Pulse: Olympics 2016: Q+A: Hugh Long

Think the Olympics won’t work here? Think again, says the ­Wachovia Bank exec

Last month, Hugh Long, ­Wachovia Bank’s Pennsylvania and Delaware CEO, agreed to help lead the campaign to bring the Olympics here in 2016. He’ll head the Finance Committee of Philadelphia 2016, the group put together by Constitution Center founding CEO Joe Torsella and Larry Needle of the Philadelphia Sports Congress. (This magazine is on board, too, as we announced last month; Torsella, out of deference to the U.S. Olympic Committee, declined to comment on the city’s bid.) Long chairs Select Greater Philadelphia, the Chamber of Commerce affiliate charged with luring new business to the region, and has made a strong impression on the city’s power elite.

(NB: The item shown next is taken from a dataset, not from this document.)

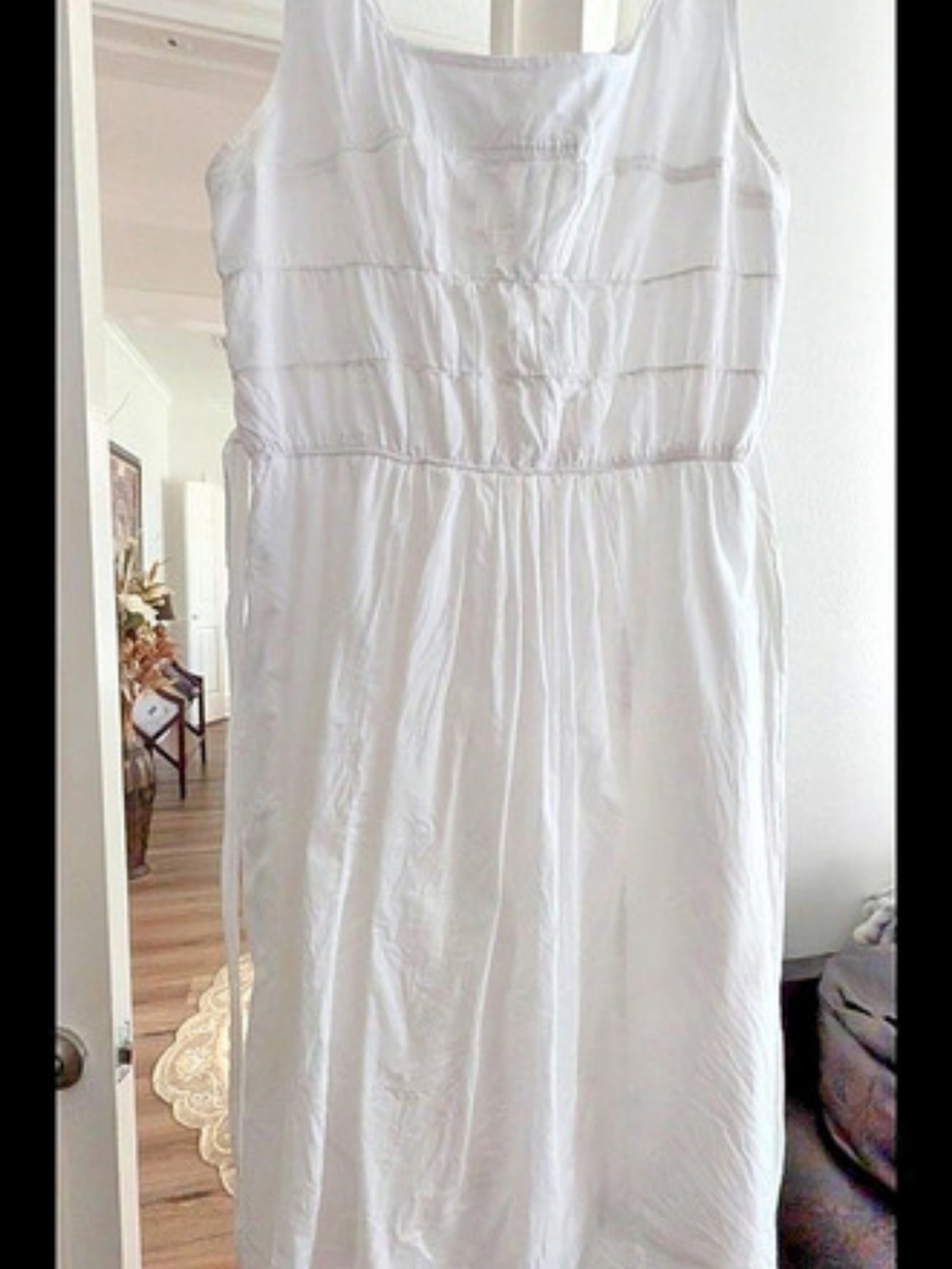 Mossino Supply Co. - Women's White Shirred Dress Size XS - Like New - Picture 5 of 11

A native Georgian, Long speaks in a droll Southern drawl; he moved here from Atlanta in 2003 and promptly denounced Philadelphia’s tendency to denounce itself. Long says that going after the Olympics fits perfectly with how he sees his new hometown, and that he plans to kick-start Philadelphia 2016 by trying to raise $1 million this fall.
PM: Why are you so enthusiastic about the prospects for bringing the Olympics here 11 years from now?
HL: First of all, there’s a great case to be made. We’ve got more venues already in place than any other candidate. We’ve got the advantage of being a big media market, centrally located. We have a lot of hotel rooms, not just in the city, but throughout the region. We can use the Olympics to sharpen the pencil of SEPTA, the airport and Amtrak. This is also an opportunity to cultivate leaders. There will be some who, right now, are not yet in undergraduate school, and some who are just fresh into their first jobs. That can only be healthy.

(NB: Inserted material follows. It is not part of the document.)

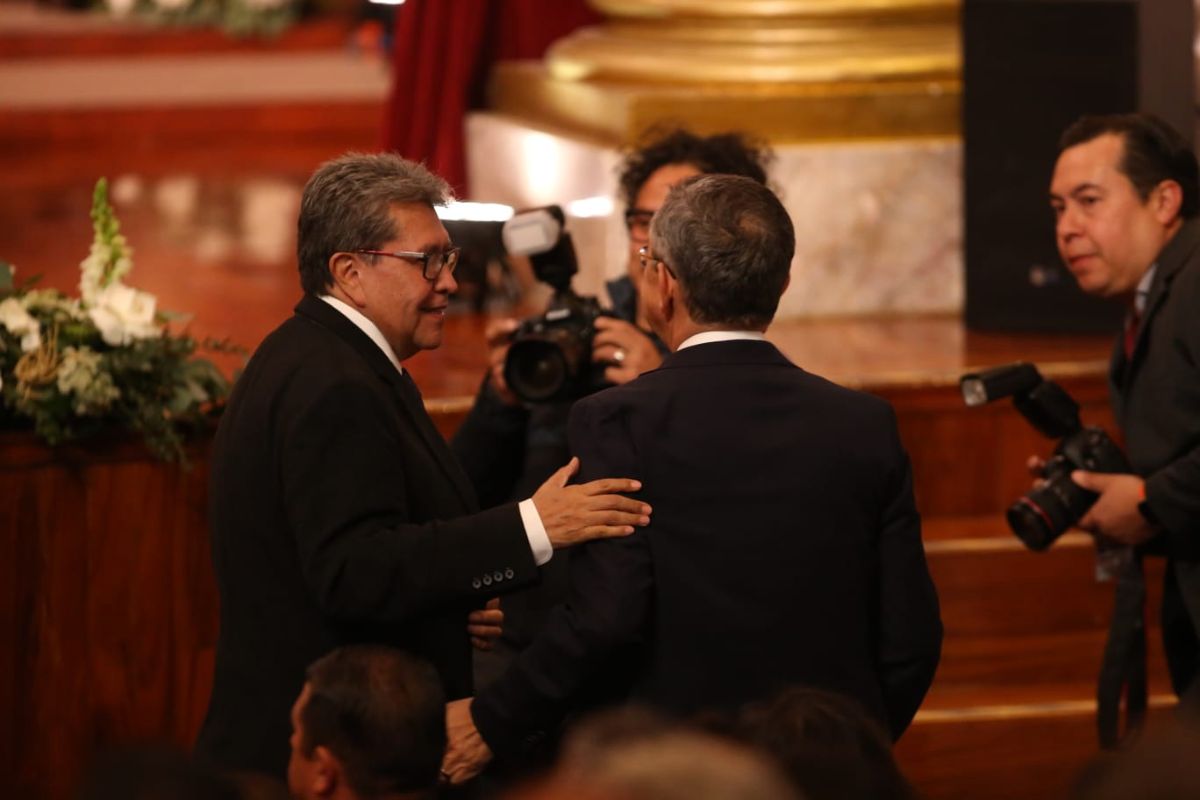 Conmemoran Día de la Constitución en Querétaro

Is the chance of winning what attracted you?
We’re in this to win, and I believe we can. But there’s another worthwhile reason to do this. Working on an Olympic effort boosts pride, it’s an aspirational goal with significant benchmarks for us to gauge our progress, and it brings distinction and notoriety to the region. If you don’t believe that, look at the Atlanta experience with the 1996 Games. Atlanta had been seen as a Southeastern regional presence. Today, I’d argue there are more people wanting to move to Atlanta than any other American city. Is there a direct tie to the successful Olympic effort? Seems so to me. I’d love to test that in Philadelphia.

You tried to test the notion elsewhere, didn’t you?
Well, I played a role on the front end of what later became the Washington/Baltimore 2012 Olympic Coalition. The idea was to get Washington and Baltimore working together, which they rarely did. It became an opportunity to bring the region together. I was only there for the initial stages of fund-raising. So I feel like I got my toe, maybe my ankle, maybe part of my leg immersed in it. Now I’m ready to dive in.

So you see pursuing the Olympics as a way to get people to think regionally?
Exactly. How do we bind the 11 counties in the Philadelphia area into a cohesive region? As soon as Joe called me, I knew the Olympic idea was something that could unite across all boundaries.

Historically, Philadelphians have had a hard time seeing ourselves as “world-class.” How do you handle that, going forward?
Ah, yes. I’ve already heard it: “Won’t work.” “Doesn’t work that way here.” “You don’t understand—let me tell you the history.” I have had so many history lessons since I moved here. But you know what? They said that to Billy Payne and Andy Young in Atlanta. I’m sure they told that to somebody in London. I think the way you deal with that is you have some success. At the end of the day, people always want to be on a winning team.

Finally, who is your pick to carry the Olympic torch down Broad Street in 2016?
The good news is, it doesn’t have to be one person. I’d like to see it be the neighborhood business owners who operate businesses in 2016 that didn’t exist here in 2005. I’d like it to be the CEOs of each of those new, large employers that moved to Greater Philadelphia who were not here in 2005. I’d like it to be some students who, instead of moving out of Philadelphia after they got their education here, decided to stay and improve our quality of life.